Migration zones through UK waters were determined by establishing the breeding or wintering grounds of the species using IUCN range data. Migration zones were further refined using: 1) ringing recovery location data for birds ringed in the UK & Ireland; 2) information on foreign-ringed birds from Wernham et al. (2002); and 3) GPS tracking data, where available.

Considerable uncertainty in migration routes remains for many species (e.g., the wintering location of Icelandic Shelduck is not known). Both ringing and tracking data can be spatially biased, if ringing and tagging effort is spatially uneven. Uncertainty in the migration zones is noted in the text accompanying the maps. Confidence in migration routes was assessed using the criteria given in Table 3. However, confidence in migration routes based only on ringing data is generally considered 'Low' despite large numbers of ringing recoveries being available for some species, as the ringing data only show connectivity between two or more locations and do not show the migration route followed. Confidence in tracking data is usually considered 'Medium' or 'High' depending on the robustness of the tracking method used and on whether data from small tracking samples are supported by ringing data.

Tracking data

The expansion of tracking technology means that, for some species, it may be possible to reduce uncertainty in migration routes. For each of the species listed in Table 1, we conducted a systematic primary literature review to identify any further evidence which could refine the broad migratory corridors given in Wright et al. (2012) and WWT (2014). We searched ISI Web of Knowledge and Google Scholar for studies between 1990-2021 using search terms selected to identify studies on the relevant species (scientific and common names, as well as collective terms i.e., duck, goose, wader etc), topics (Migrat*, Telemetry, Track*, Route, GPS, Tag*, Displace*, Colli*) and geographic area (UK). Suitable studies pertained to the correct species or species group, geographic area (Scotland through to Europe), season (includes migration information), and contained tracking information. A further search was made in Movebank^[9] to identify any publicly available tracking datasets. For species where only summarised migration route information was available from published studies (e.g., maps of tracks), these are discussed in the text.

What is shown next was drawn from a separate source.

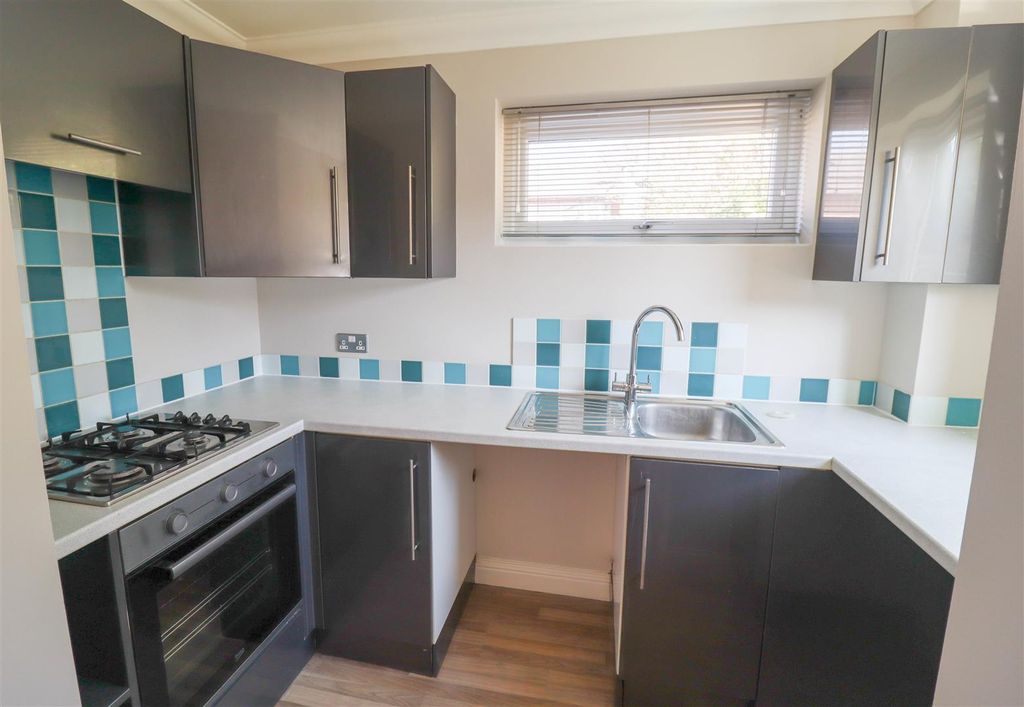 Property photo 2 of 9 Img_0550-1.Jpg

In addition to this, project partners own or have access to tracking datasets relating to several of the species concerned (e.g., Shelduck, Pink-footed Goose, Osprey). For species with raw tracking datasets, 90% utilisation distributions were calculated for fixes over water, and presented on supplementary migration zone maps (see Appendix 1). For these species, additional maps were generated showing the full tracks.

In many cases, the sample sizes associated with tracking data are relatively small, and the implications of this are discussed in relation to reducing uncertainty in relation to assumed migratory corridors. Note also that tracking data is not necessarily representative of all age classes, and age class of tracked birds was either not considered or was unspecified by the data holder.

While tracking data can provide high spatial resolution information on individual movements, it is not necessarily representative of the entire UK population as a whole, with potential spatial and temporal biases in the deployment of tracking devices leading to misinterpretation of migration corridors. In species accounts, we therefore present the overall migration zones updated from Wright et al. (2012) based on ringing data, while including a description of the information provided by tracking data in the text. For species with available raw tracking data, kernel density distributions based on tracking data are superimposed on the migration zones, with these maps provided in Appendix 1.

Timing of migration

The timing of migratory movements determines the migration risk period for the population passing through UK waters and has been estimated using data collected through BirdTrack^[10]. We first obtained GIS geometries of the relevant marine planning regions for each country. Using shapefiles for the 11 Scottish Marine Regions^[11] and 6 Marine Plan Areas in England^[12], we created a coastal buffer region in Scotland and England extending 20 km inland. For Wales and Northern Ireland, we created country-level 20 km coastal buffers from an all-UK polygon (see Figure 3). For Scotland and England, two further shapefiles were created by merging the separate marine plan areas together into single, country-specific geometries.

BirdTrack data for marine plan regions as well as all-country regions were extracted between 2010–2019 for each of the focal species, with the mean ± 95% confidence limits reporting rate from complete lists in these regions across the time period calculated for each week throughout the year.

The data for each species were then plotted per region (see Appendix 2), showing the mean ± 95% confidence limits and a locally estimated scatterplot smoothing ('loess') regression line (example for Pink-footed Goose Anser brachyrhynchus, Figure 4). The peak migration timings for each region were extracted based on visually determining the weekly location of turning points on the loess curve bracketing rates of change in reporting rate, signifying the start and end of movement periods.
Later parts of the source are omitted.